Doğum, ölüm, evlilik, sabıka, sahip olunan kayıtlı taşınmazların bilgileri, sahibi olunan taşıtların kayıtları, deklare edilmiş olan gelirler.. gibi bilgilerimiz devletin sorumlu birimleri tarafından kayıt altına alınırdı ama kayıt altına alanın yazdığı defterde öylece dururdu. Gerekmedikçe kimseler o defterleri karıştırmazdı. Bazen devletin kendisi bile o defterlerin içindeki kayıtları unuturdu. Bir nüfus kaydı çıkartabilmek için, ilgili nüfus dairelerinde günlerce beklenildiği olurdu.. Tozlu arşivlerden bulunup çıksın diye..



Genelde adres bilgimiz ve doğum tarihimiz, medeni halimiz, çocuk sayısı gibi sınırlı bilgiler de işyerlerimizde ve muhtarlıklarımızda kayıt altına alınırdı.

Çalıştığım banka şubesi bilirdi benim hesabımın içeriğini .. Doktorum bilirdi sağlığımın durumunu.

'Özelim' dediğimiz bilgilerimizdi, genel bilgiler dışında kalanlar..

Başkalarıyla paylaşmak istemediğim, hayatımla ilgili her türlü bilgim benim 'özelim'di. Ben istemedikçe kimse ulaşamazdı. Yazdığım günlüklerimi bile öyle bir saklardım ki bazen ben bile bulamazdım.

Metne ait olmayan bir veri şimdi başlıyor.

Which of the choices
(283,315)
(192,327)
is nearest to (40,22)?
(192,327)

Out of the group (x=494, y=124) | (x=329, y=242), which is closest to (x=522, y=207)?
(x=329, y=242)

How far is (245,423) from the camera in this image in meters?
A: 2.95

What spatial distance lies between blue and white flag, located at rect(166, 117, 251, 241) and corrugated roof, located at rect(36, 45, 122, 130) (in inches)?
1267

Sonraları bilgisayar teknolojisi gelişmeye başladı ve benim özellerimin sınırları küçülmeye başladı.

Şimdilerde, benim aldığım iç donu markasından, kiminle ne sıklıkta görüştüğüme varana kadar her şeyimi kayıt altına alıyorlar. Benim önemsiz bulup da unuttuklarımı onlar kayıt ediyor ve her türlü istatistiklerde veya kendilerine göre başka nedenler için kullanıyorlar.. Bazen birbirlerine satıyorlar, benden izin almaya gerek görmeden, benim özel telefon numaramı..

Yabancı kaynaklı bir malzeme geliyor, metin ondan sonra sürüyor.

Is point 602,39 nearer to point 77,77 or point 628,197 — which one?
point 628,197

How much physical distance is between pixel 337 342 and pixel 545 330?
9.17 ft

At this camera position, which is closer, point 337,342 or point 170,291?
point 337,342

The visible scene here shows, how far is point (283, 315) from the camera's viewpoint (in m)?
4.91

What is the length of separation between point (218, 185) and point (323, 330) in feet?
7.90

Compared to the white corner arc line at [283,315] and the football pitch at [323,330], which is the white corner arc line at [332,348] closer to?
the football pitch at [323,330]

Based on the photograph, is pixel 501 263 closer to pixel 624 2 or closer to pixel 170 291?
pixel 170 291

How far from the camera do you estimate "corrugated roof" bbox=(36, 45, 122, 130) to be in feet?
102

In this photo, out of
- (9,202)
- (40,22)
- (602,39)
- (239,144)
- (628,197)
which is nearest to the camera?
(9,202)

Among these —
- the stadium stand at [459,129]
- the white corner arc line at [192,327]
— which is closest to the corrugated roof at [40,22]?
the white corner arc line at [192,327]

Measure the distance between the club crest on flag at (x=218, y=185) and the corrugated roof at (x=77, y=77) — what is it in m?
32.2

Devlet kendisini korumak için bu bilgileri denetliyor. Yeri geliyor benim sevgilime yazdığım mektubu bile okuyor, yeri geliyor benim eşimle yaptığım konuşmaları kayıt ediyor, bankalardaki hesaplarımda duran birikimlerimin kaynaklarını kontrol ediyor, harcamalarımın nedenlerini kontrol ediyor. Seyehatlerimi, görüştüğüm kişileri, girip çıktığım adresleri gözlemliyor.

Suç işleyenleri, terör örgütlerini bulmak adına büyük kolaylıklar. Kredi kartları, banka kartları ve banka hesaplarının gözlemlenmesi ile vergi kaçırılmasının önüne geçmek, yasal olmayan yollardan kazançlar sağlayanları bulmak ve yakalamak adına güzel olgular.
Ancak, sıradan vatandaşın, benim 'özel hayatım'ın sınırı nedir? Ben bu sınırlarımı nasıl koruyabilirim?

Bütün kişisel bilgilerime, kim olduklarını bile bilmediğim birileri, siber dünyadaki arşivlere bir tuş hareketi ile girerek ulaşabildiği sürece, hayatım onların zihniyetlerinin insafında olacaktır.

Birisi karşıma geçip silah doğrultsa kurtulma şansım var. Arkamdan bıçaklamaya kalkan birisini, bir başkası görüp engelleyebilir. Ama nerede olduğunu bile bilmediğim, varlığından haberim dahi olmayan birisinin parmaklarının üç-beş tuşa bilinçli dokunuşu sayesinde benim hayatımın detaylarını öğrenmesi, tuş kullanma becerisine bağlı olarak benim başıma içinden çıkamayacağım çoraplar örmesi de mümkün.. üstelik bana karşı özel bir düşmanlık beslemesine bile gerek yok. Sadece birşeyi örtbas etmek, veya bir suçu başka birisine aktarmak adına, rast gele özellik örtüşmesi aramalarının sonunda, benim kimlik numaramın 'uygun' alternatif olarak çıkması yeterli.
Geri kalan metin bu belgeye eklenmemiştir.